I love this quote from a pastor in early 20th century in Chicago: “The reason why workingmen are not found in larger numbers in the church is not due to the coldness of the church, nor to the dress parade, but primarily to the fact that the church has more often been on the side of capital than upon the side of labor.”
That sounds about right to me. We don’t have a choice. The class struggle is real and it’s here. Pick a side and start fighting. Maybe it won’t lead church growth but what’re the other options? Take the side of the guys that own Chick-Fil-A and whatever non-profit they want to give to?

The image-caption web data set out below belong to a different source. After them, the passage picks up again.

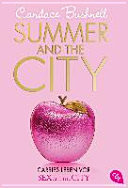 Summer and the City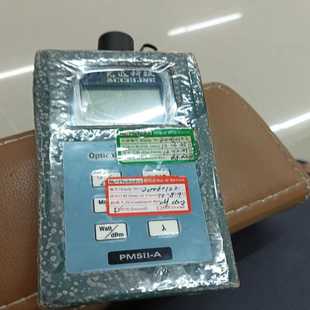 光功率计PSM-A光功率表光功率测试仪，光顺科技询价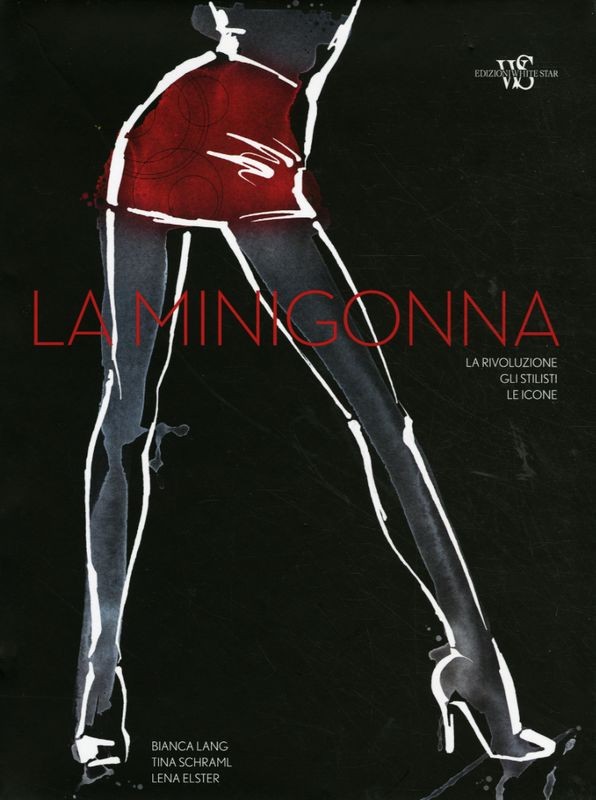 MINIGONNA (LA)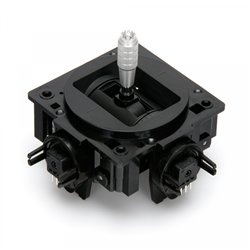 Stick ST-53L XVT (RA2)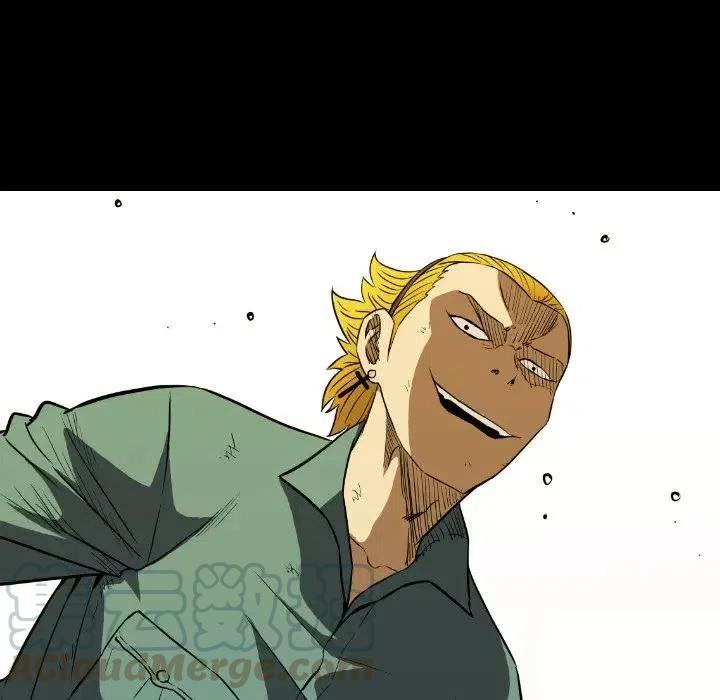 3776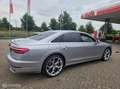 Audi A8 60 TFSI e quattro Pro Line Plus Grijs - thumbnail 7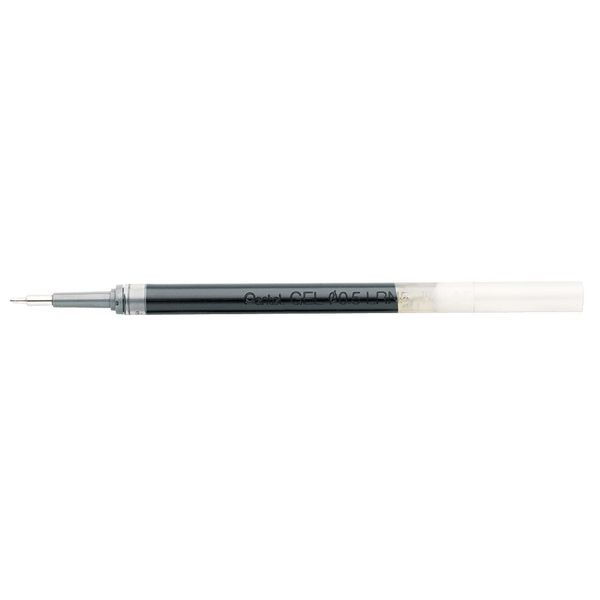 Ink Refill, Fine, Black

In the end transforming this system is possible. Because I believe in the love of God, I believe that we don’t have to live in exploitative relationships with each other. I don’t believe in human perfectibility like William Barr says liberals do. I just just believe that an economy in which people own the means of production and the stuff they produce would be one that’d be a good bit better than the one we have now. What if that $5 billion worth of worth just went back to the workers at Chick-Fil-A because they own the company? Why don’t they deserve instead of some guys whose dad started the company?
I think it’s all possible though highly unlikely. It’d be a world in which we can all approach each other as loving equals as we will one day. It’d be a world in which we’d serve one another, cook for one another, enjoy one another’s presence in a way that my pleasure, our pleasure wouldn’t rest on exploitation, but love.